She could take lessons from someone like Kylie Minogue, who has never been much of a dancer but always sings live while using her glamorous costumes and spectacular sets to create a “wow” factor and her dancers to create a sense of energy and constant motion. It works amazingly well and impresses music critics, showbiz writers AND audiences alike - even though Minogue is one of the world’s most monotonous, nasal, shrill and uninspired singers and has all the stage presence of a snail. Britney has effortless command of a stage, and the unique qualities of her singing - as she does it in the studio - are all she needs to satisfy an audience.

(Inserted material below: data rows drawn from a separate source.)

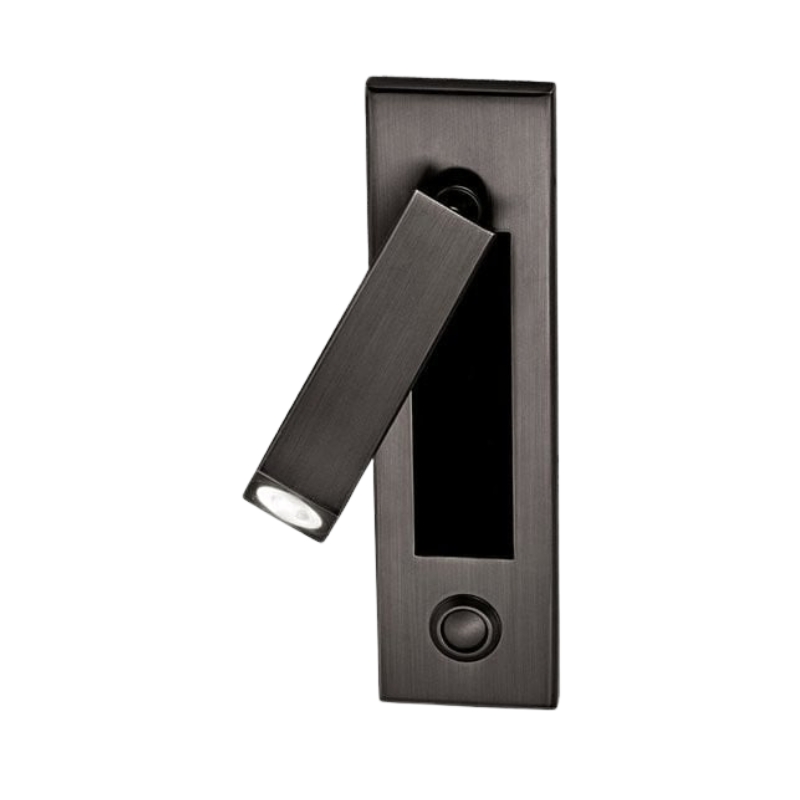 L&aacute;mpara de pared empotrada junto a la cama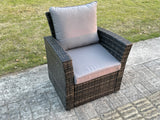 Fimous High Back Rattan Arm Chair Patio Outdoor Garden Furniture With Cushion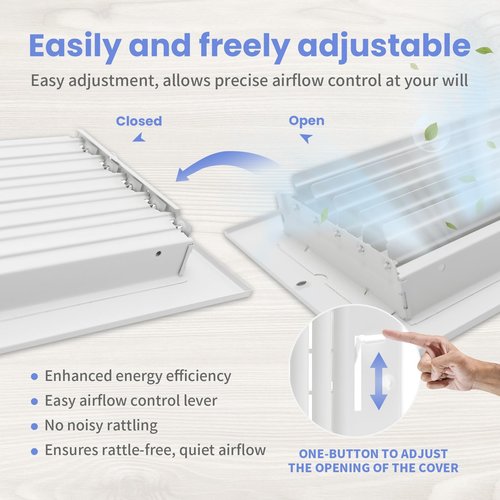 10 x 6 Inch [Duct Opening] Air Vent Covers for Wall or Ceiling - High Airflow 2 Way Steel Ventilation - Adjustable Wall/Ceiling Register, 11-3/4 Inch x 7-3/4 Inch [Overall Dimensions]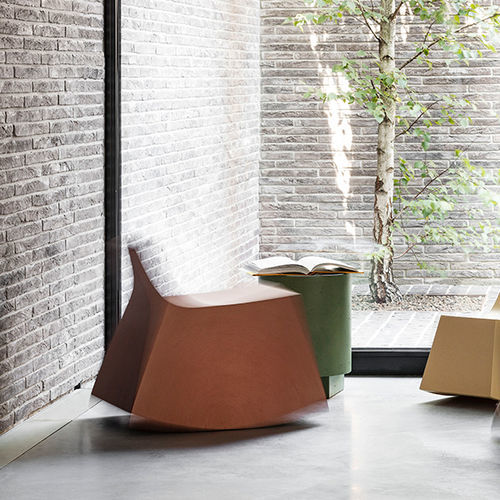 Chauffeuse contemporaine - BURANO - CIMENTO - en béton / en béton / écolabel PEFC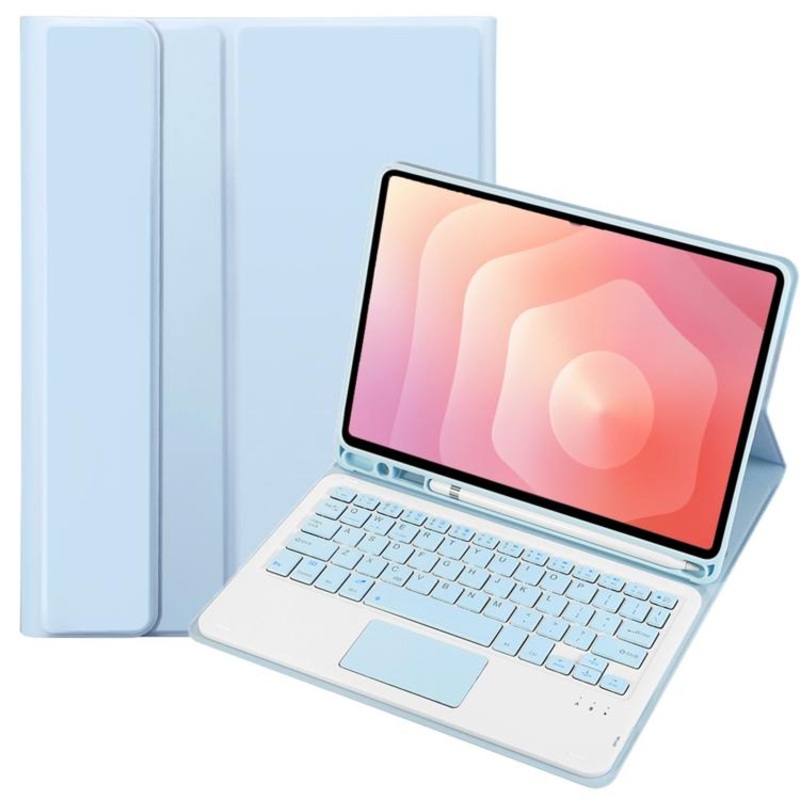 For Samsung Galaxy Tab S11 Candy Color TPU Touch Bluetooth Keyboard Leather Tablet Case with Pen Holder(Ice Blue)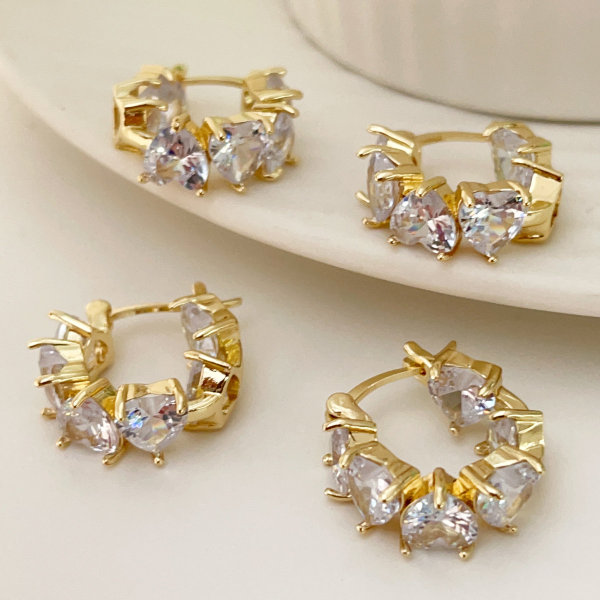 Pave heart zircon hoop earrings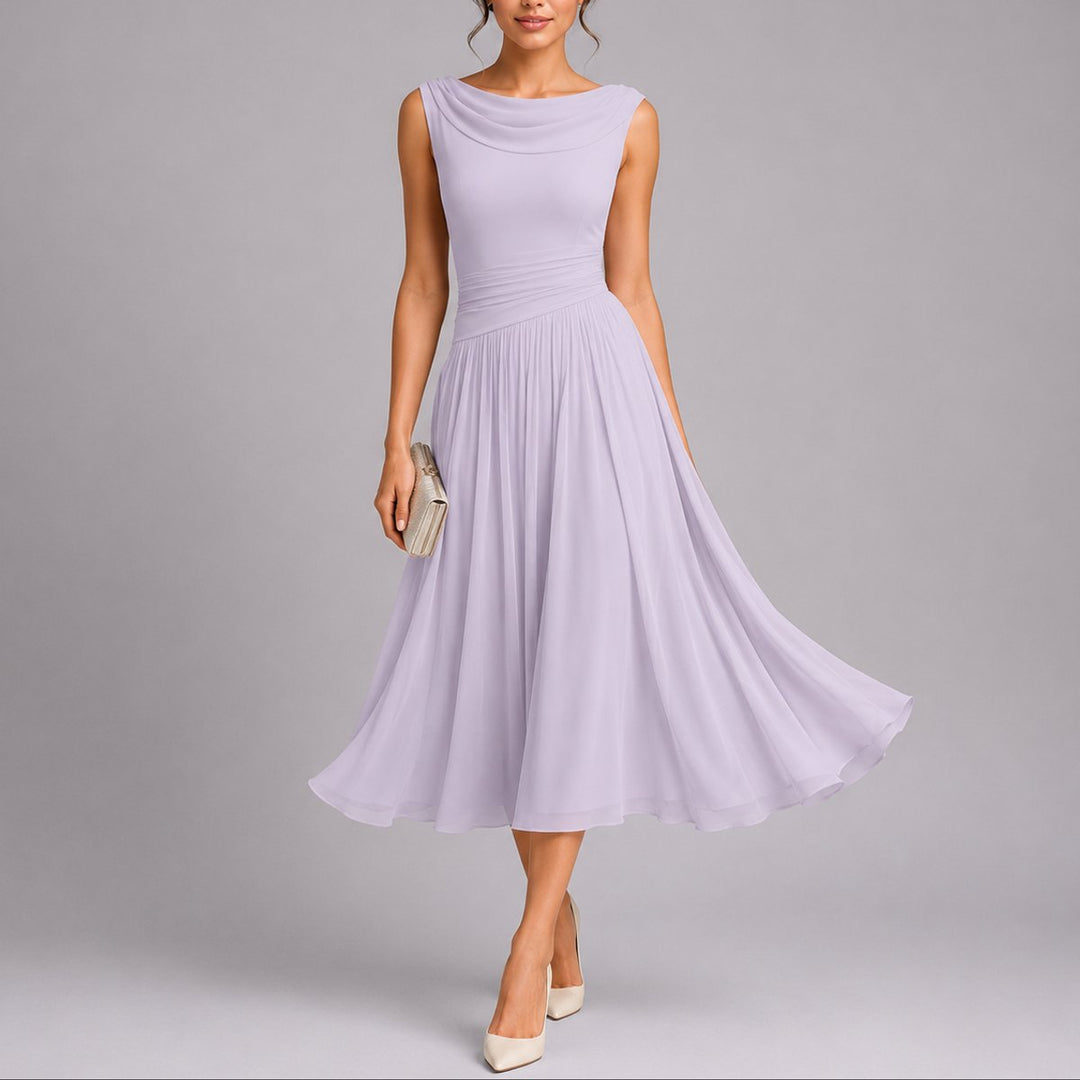 Hazel | Stylish Fall Wedding Pleated Midi Dress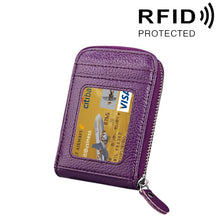 Load image into Gallery viewer, Genuine Cowhide Leather Solid Color Zipper Vertical Card Holder Wallet RFID Blocking Card Bag Protect Case with 12 Card Slots, Size: 11.5*7.5cm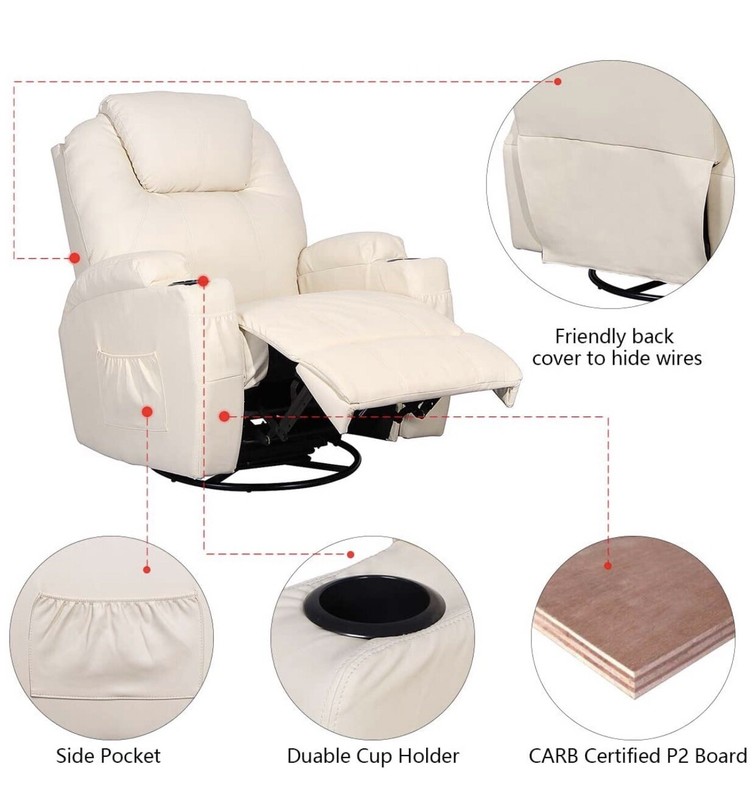 Cream Massage Recliner Chair Heated PU Leather Ergonomic Lounge 360 Degree Swi gallery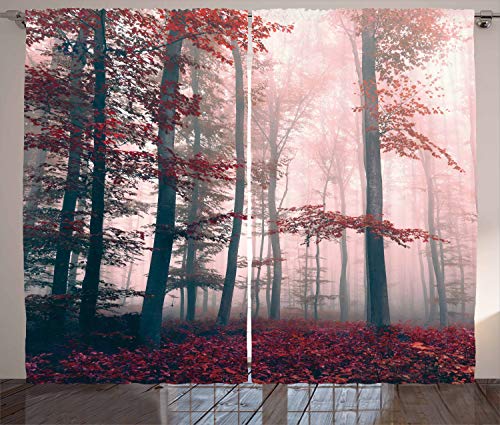 ABAKUHAUS Wald Rustikaler Vorhang, Herbst-Fall-Natur Woods, Wohnzimmer Universalband Gardinen mit Schlaufen und Haken, 280 x 225 cm, Braun Grau von ABAKUHAUS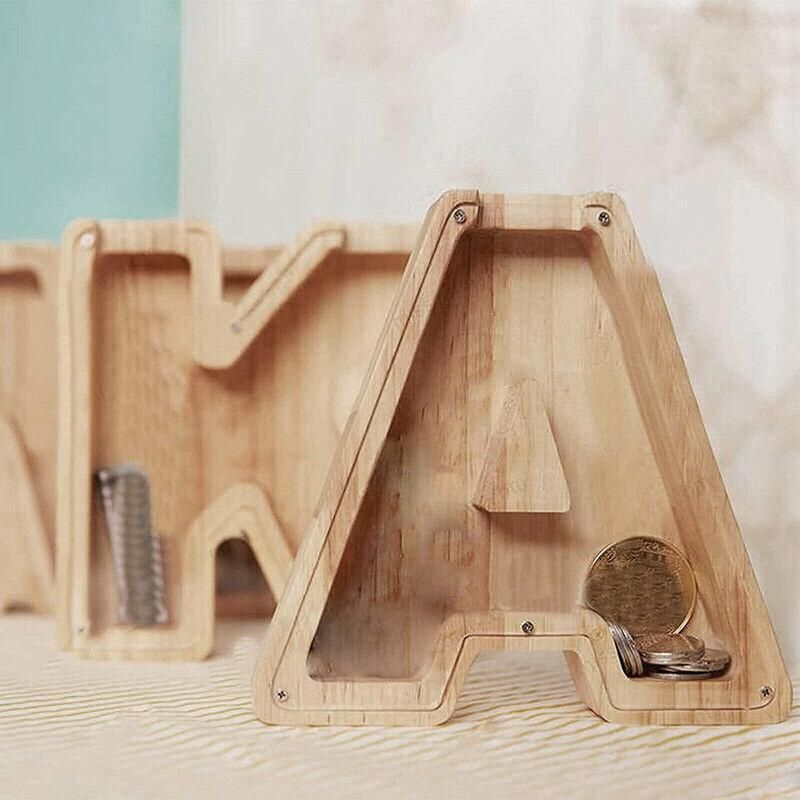 Wooden Piggy Bank Funny Letter or Guitar Coin Saving Money Box A–Z Gift Idea - D view 11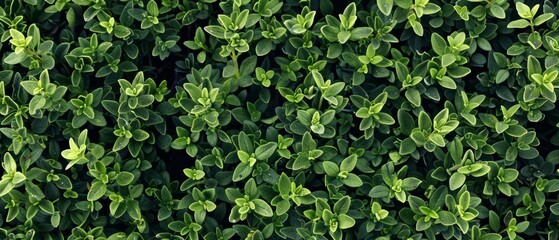 Obraz premium Panoramic close-up, high detail scan of thyme leaves material, Generative AI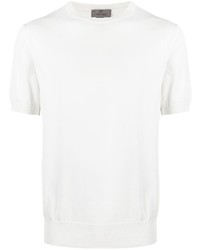 weißes Strick T-Shirt mit einem Rundhalsausschnitt von Canali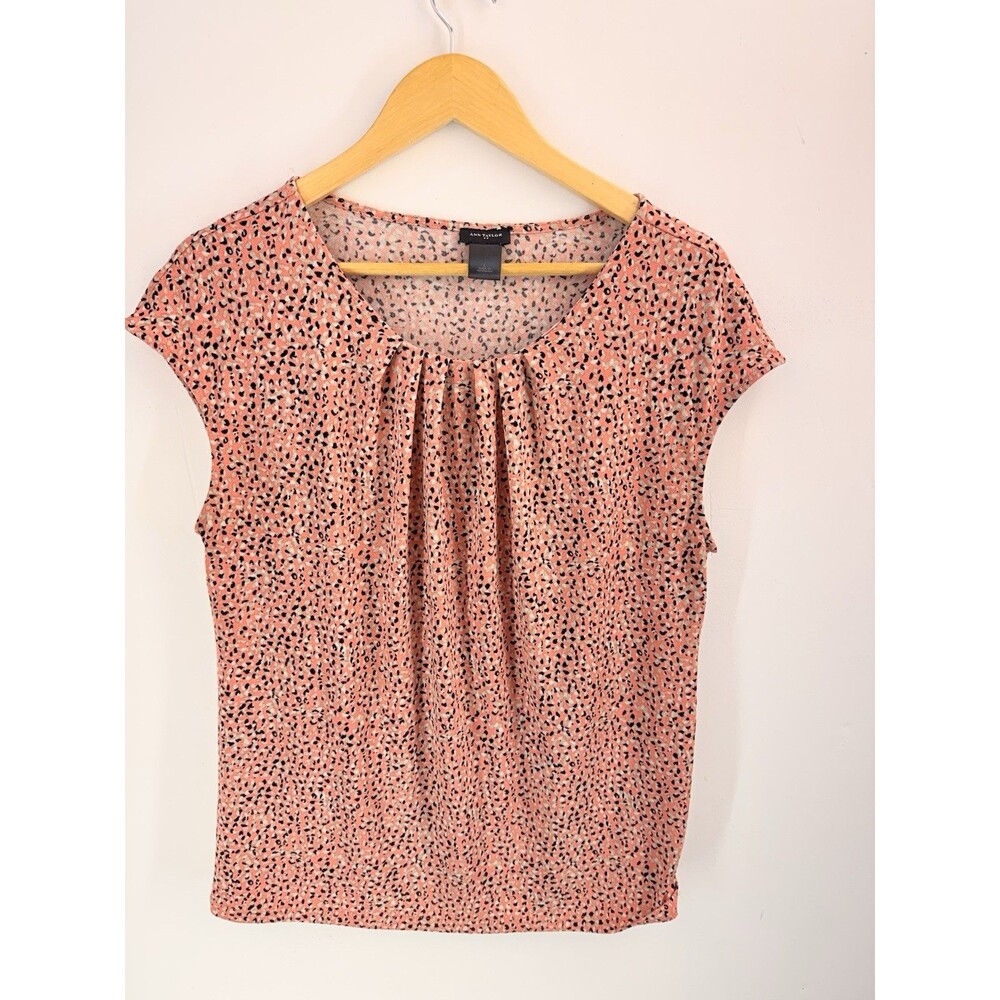 Ann Taylor Women Tank Blouse Bow Sz L Floral Round Neck Sleeveless Polyester - Picture 1 of 6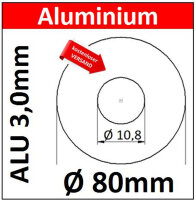  ALU Ronde &Oslash;80x3mm &Oslash;10,8mm1Loch 8250- AluUnterlegscheibe AR80/1/10,8/3,0mm taurusShop24_de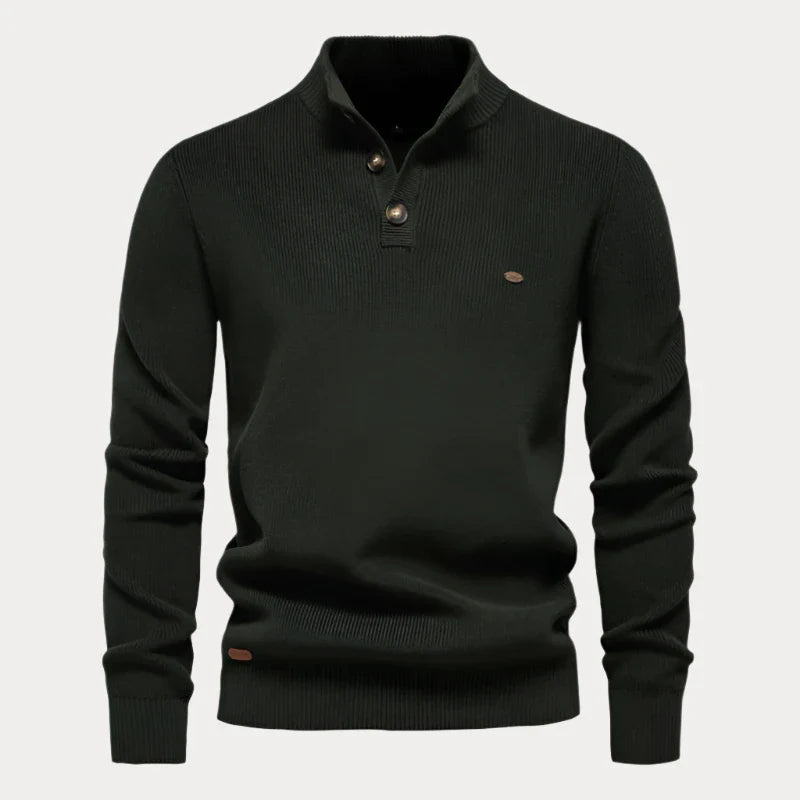 Strickpullover mit Knöpfen für Herren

She needs lessons in personal warmth too. Despite her charisma, Britney has to be one of the most uncommunicative artists of all time and scarcely bothers to take a moment between songs to bond with the audience and let the warmth of affection and humanity flow between them. Back in 2004, her brief spoken moments were pre-scripted and as far from spontaneous as it’s possible to be. This has to change, or a proportion of fans who may already be sceptical will be thinking “She doesn’t give a **** about us and can’t even be bothered pretending, so why should I care about her?”
The world of pop music is a very demanding environment now, but most of the audiences for the Onyx Tour seemed pleased by what they saw. However, they were hardly likely to have been stunned by its visual impact and sexuality or captivated by its novelty, for the simple reason that most of them had already seen the show on TV, recorded it, watched it several times and hyper-analysed it before they ever saw it live. Shows like this are designed to be “all smoke and mirrors” and don’t really lend themselves to second-by-second deconstruction. To say that it kind of spoiled the excitement is a huge understatement. And yet there are rumors that one of the early US shows on the “Circus” tour will be broadcast worldwide. Do they never learn?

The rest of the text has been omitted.